▸ **PROBLEM TO WORK ON**:
Copying rule for the data below: pictures stay out, and only the lines from the one with "Christmas tree ornament set" down to the one with "Eastone St500r-fs2t-rw 3s", inclusive, are repeated exactly.

▸ **PROVIDED DATA**:
__________

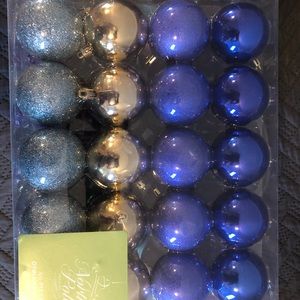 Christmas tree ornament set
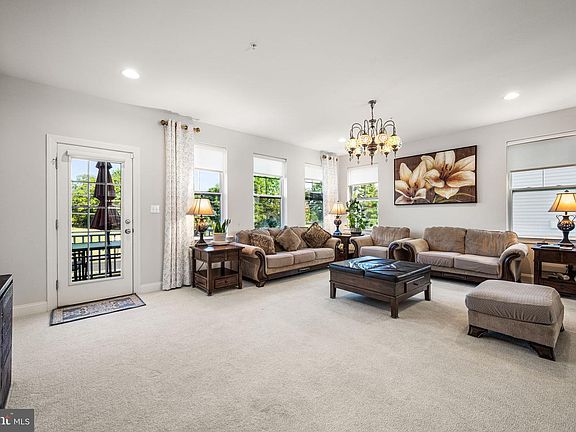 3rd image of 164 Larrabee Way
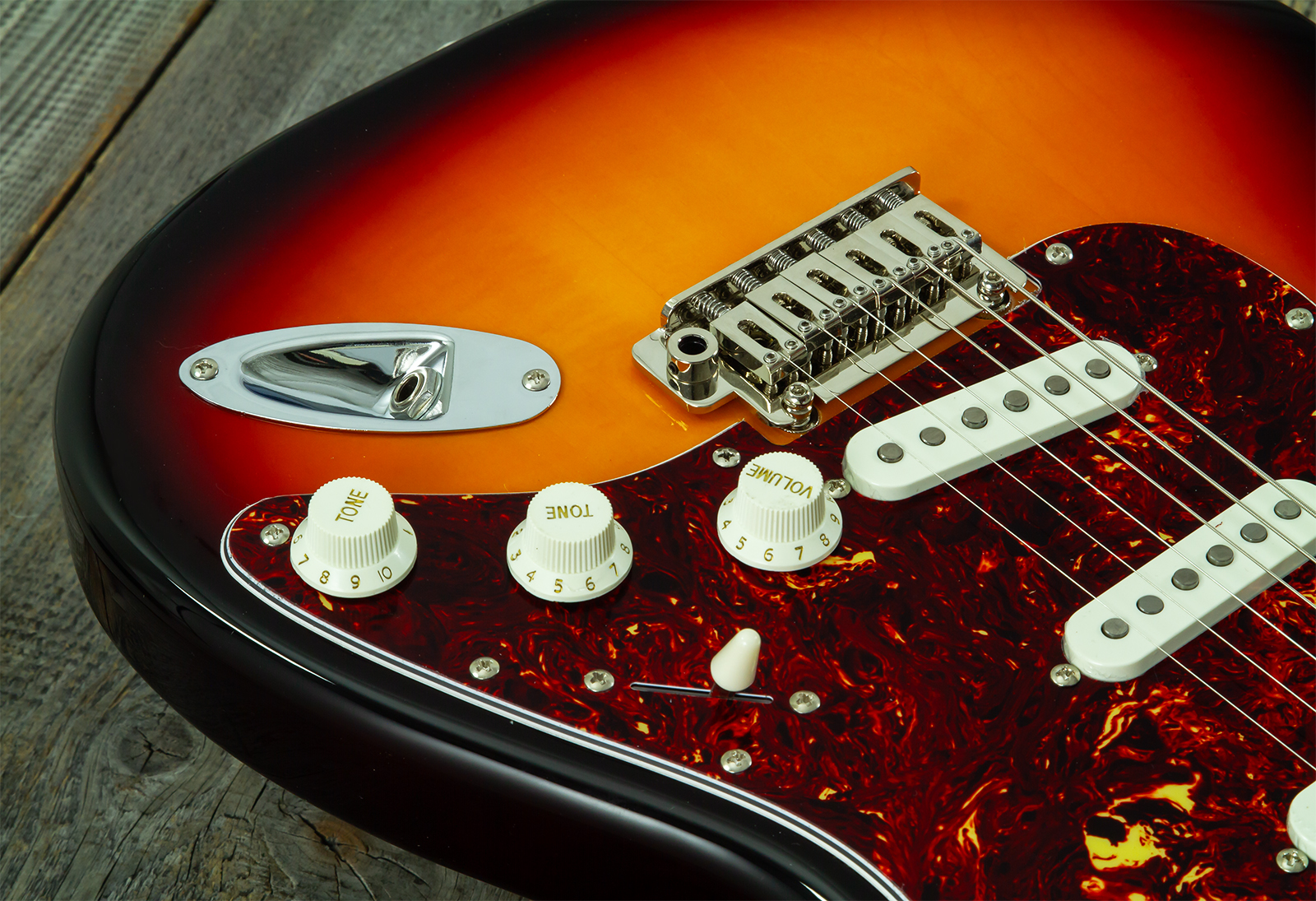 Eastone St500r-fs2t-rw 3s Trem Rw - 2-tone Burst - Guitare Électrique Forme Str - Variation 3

__________

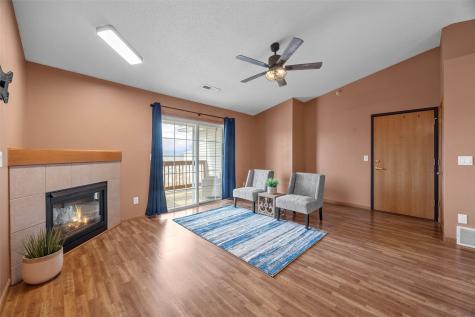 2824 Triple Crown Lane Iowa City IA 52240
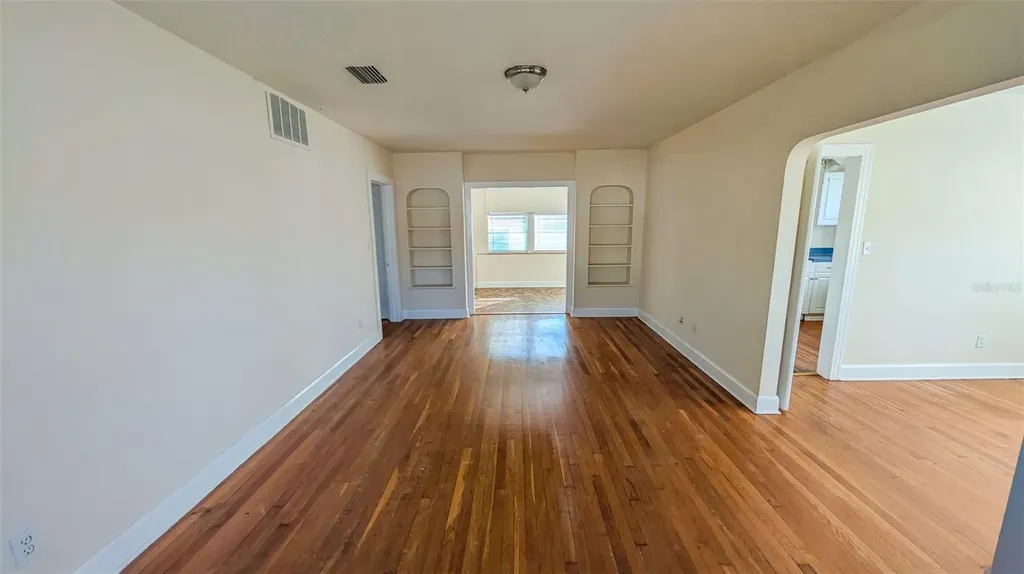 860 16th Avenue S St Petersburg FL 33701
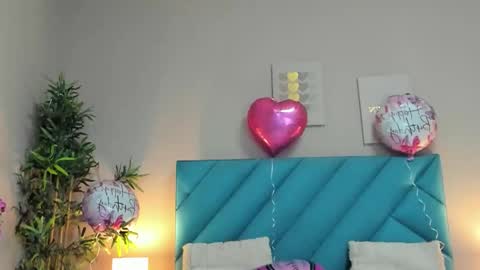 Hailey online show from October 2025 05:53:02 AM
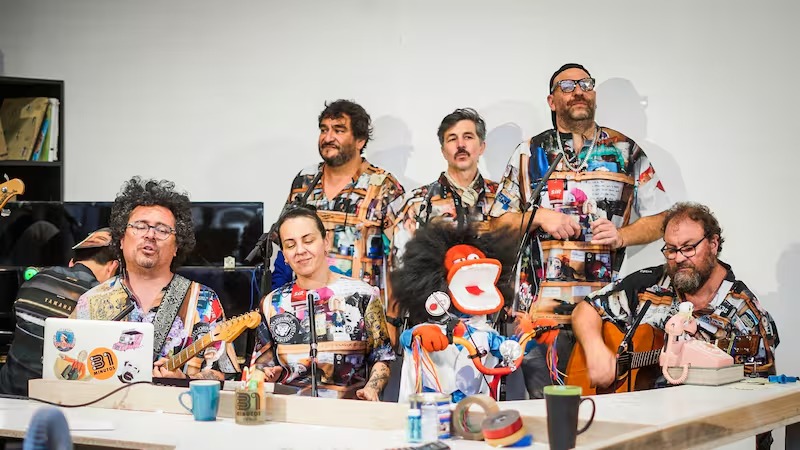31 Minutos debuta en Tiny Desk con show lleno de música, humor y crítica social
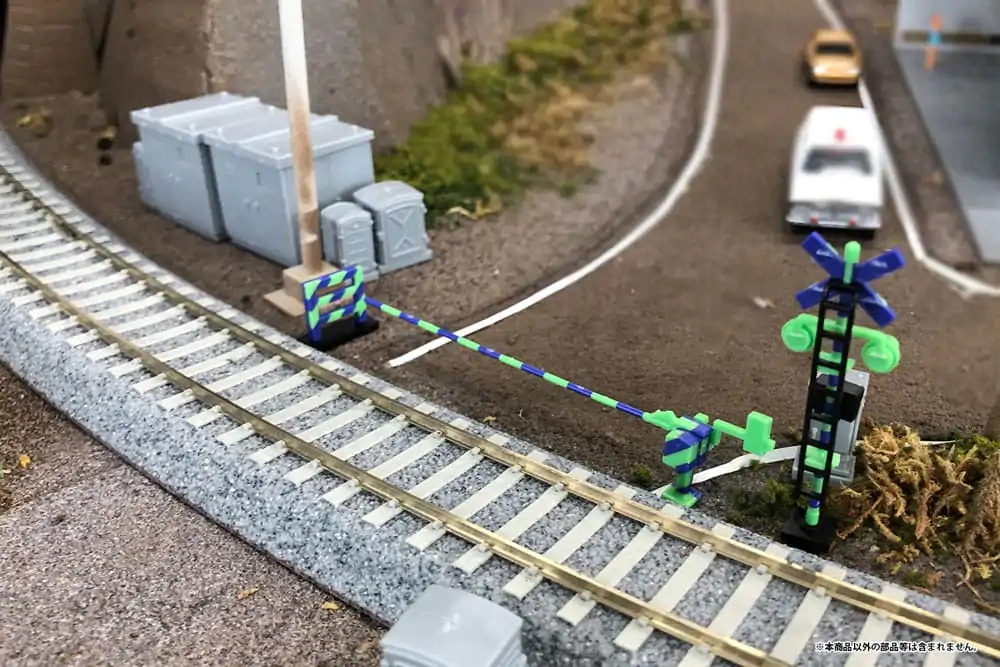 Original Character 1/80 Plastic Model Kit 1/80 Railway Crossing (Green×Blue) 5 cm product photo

__________

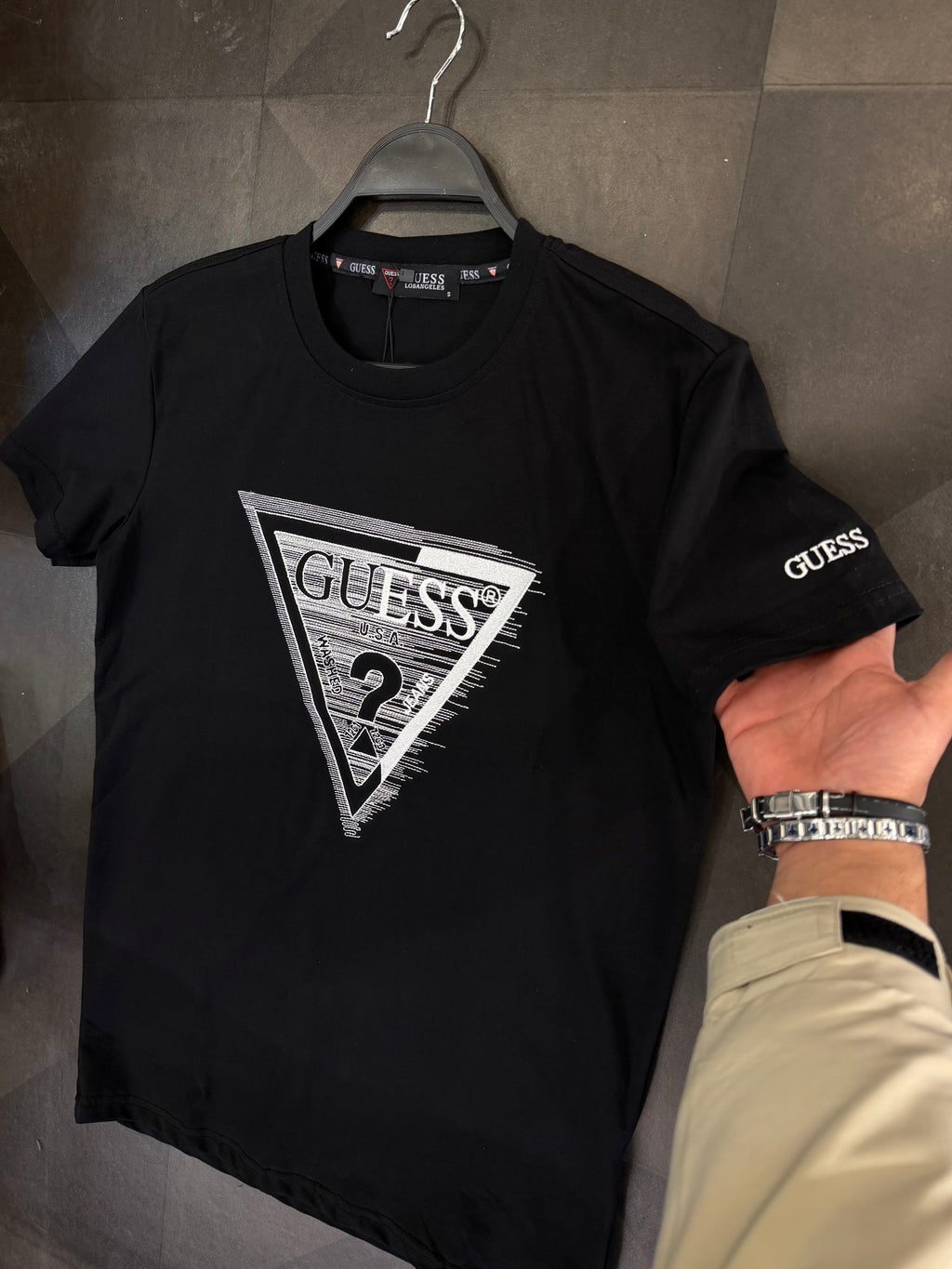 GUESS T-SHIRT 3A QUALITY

__________

▸ **ANSWER BOX**:
 Christmas tree ornament set
 3rd image of 164 Larrabee Way
 Eastone St500r-fs2t-rw 3s Trem Rw - 2-tone Burst - Guitare Électrique Forme Str - Variation 3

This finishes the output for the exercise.